At present it is expensive for amateurs to get some material. A lot is available at sites like PubMed
https://www.ncbi.nlm.nih.gov/pmc/ and other specialty sites, but a lot of material is hidden from easy access by financial barriers.
This is an extension of colonial attempts to maintain power in the melting pot, and prevent tribal entities and smaller countries from getting on equal footing.
If you live in a remote part of Vietnam, and your kid asks you for a way to access a $30 article you could say "okay, lets go without food for three days'.
In the U.S. a poor person would tell his kid '$30??? are you crazy? That's almost three packs of cigarettes. Go cut grass for an afternoon and make the money yourself'.

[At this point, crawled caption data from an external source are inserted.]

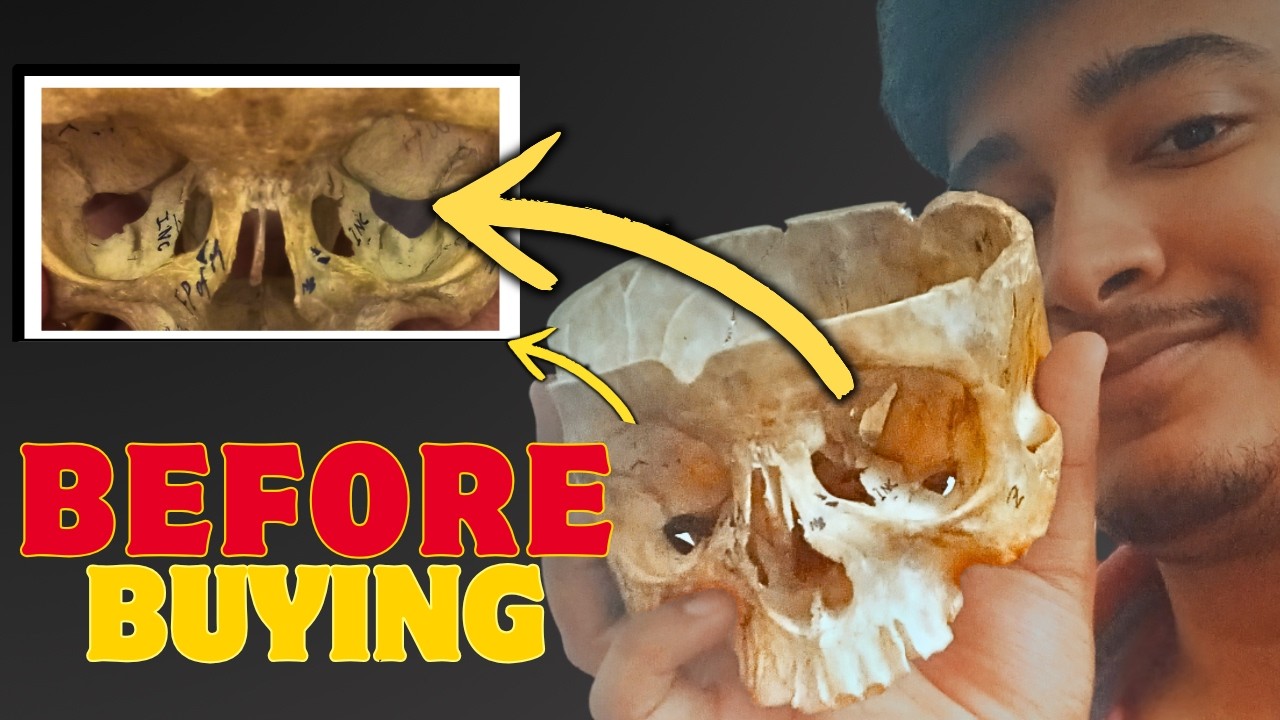 Complete Bone Set Guide for MBBS 1st Year | How to Buy & Where to Buy Boneset | Anatomy Explained 💀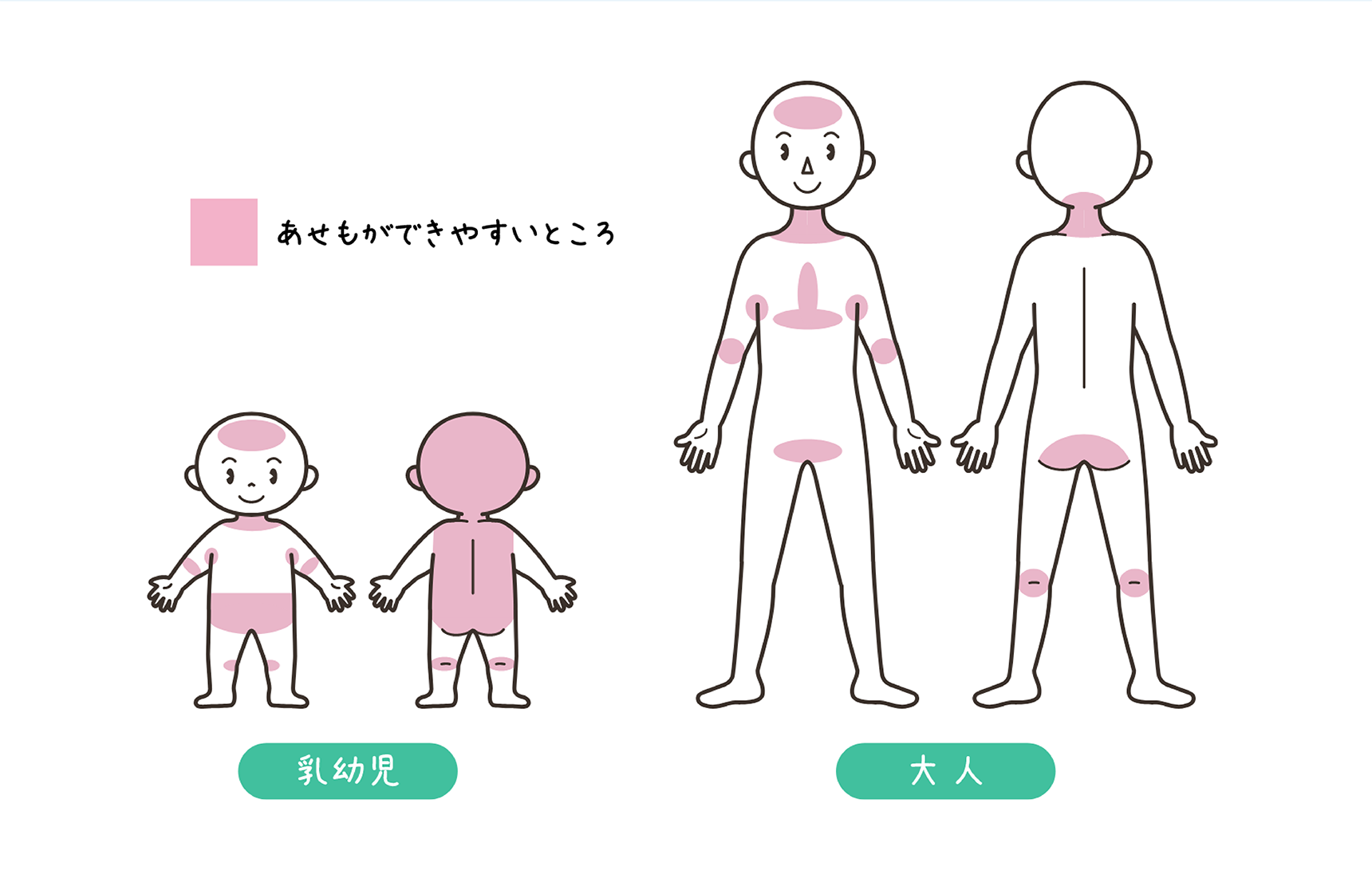 大人と乳幼児のあせもができやすいところの図。乳幼児は額、首の周り、脇の下、肘の内側、お腹まわり、膝の内股側と裏側、耳の後ろ、後頭部からおしりにかけて。大人は額、首周り、脇の下、肘の内側、胸の中央としたの部分、股間、おしりの下側、膝の裏側。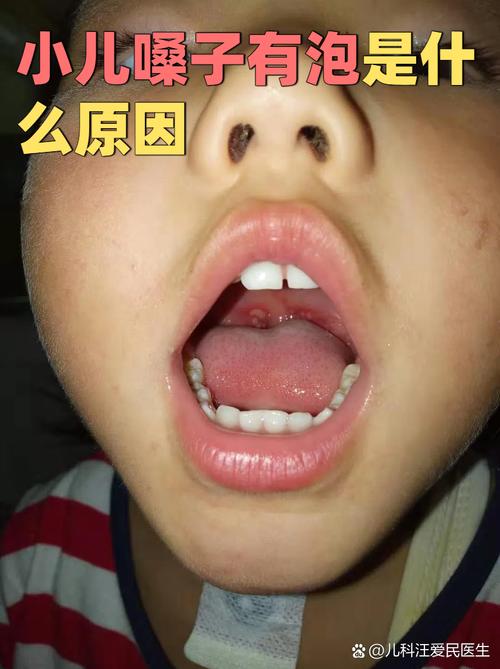 小孩口腔长白泡还发烧是啥病？
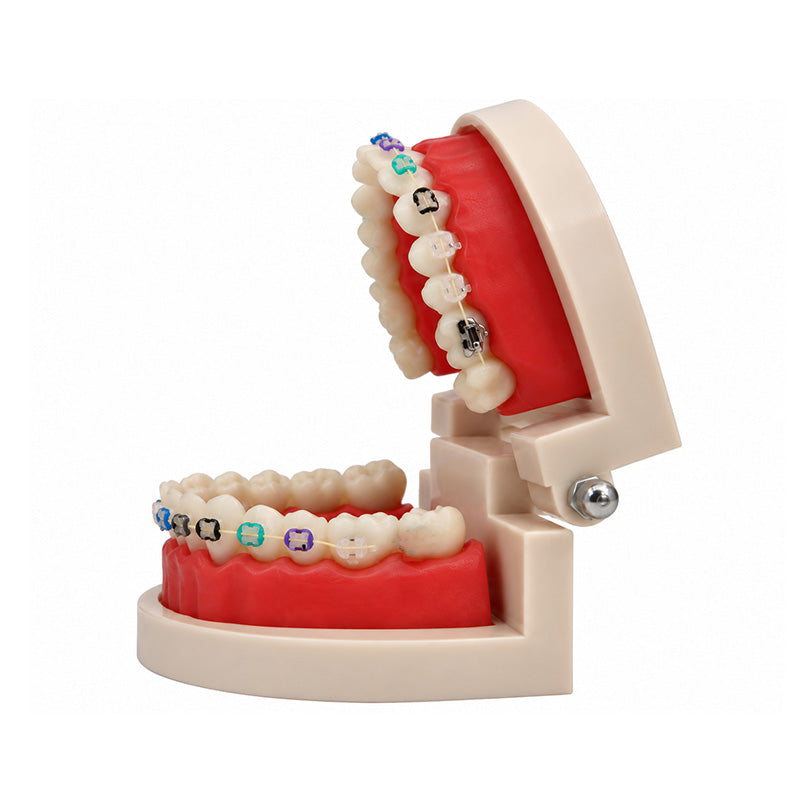 Libral Study Model With Axim Ceramic Brackets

Ok, it seems so we need a little legal and political excursion here. Copyright is the right to determine when, where and how an intellectual property may be distributed under which conditions. Now a Robin Hood of the internet like you comes and says:
“No, I’m gonna determine this from now on. Because readers from Vietnam (and Africa and from wherever) are so poor, they (and, by the way, of course everyone from everywhere in the world) obtain now the permanent right of free and unlimited downloads – even though the original publisher charged a fee for downloading because he, his wife and his kids need a place to sleep and something to eat (which, by the way, is much more expensive in his country than it is in Vietnam, but that doesn't matter to me either). And because we have such a nice distributed network like Namecoin (and good working browser add-ons thanks to Trade Runner from Bitcointalk, who brought Namecoin finally back to life), we gonna use this network for the free distribution of everything. I think even movies and music should be distributed for free because other people in this world are so poor, and so we leverage the principle of capitalism using Namecoin, which as you know is backed by the powerful Bitcoin network.”Well, that's not how things work! A scientist working on which study ever has to know and to accept that some scientific material is not for free. What you also didn't consider is that the scientist from Vietnam also needs even more a regular income after his publication – but according to your argumentation, his work would also have to be provided for free download as well, even though this scientist would need every single penny to survive. With Namecoin, in your opinion, a parallel society is to be built according to the principle of socialism, everyone gets everything for free, but also nothing for their work. History has shown us impressively that this doesn’t work. And hopefully Namecoin will never be used to build such a parallel universe!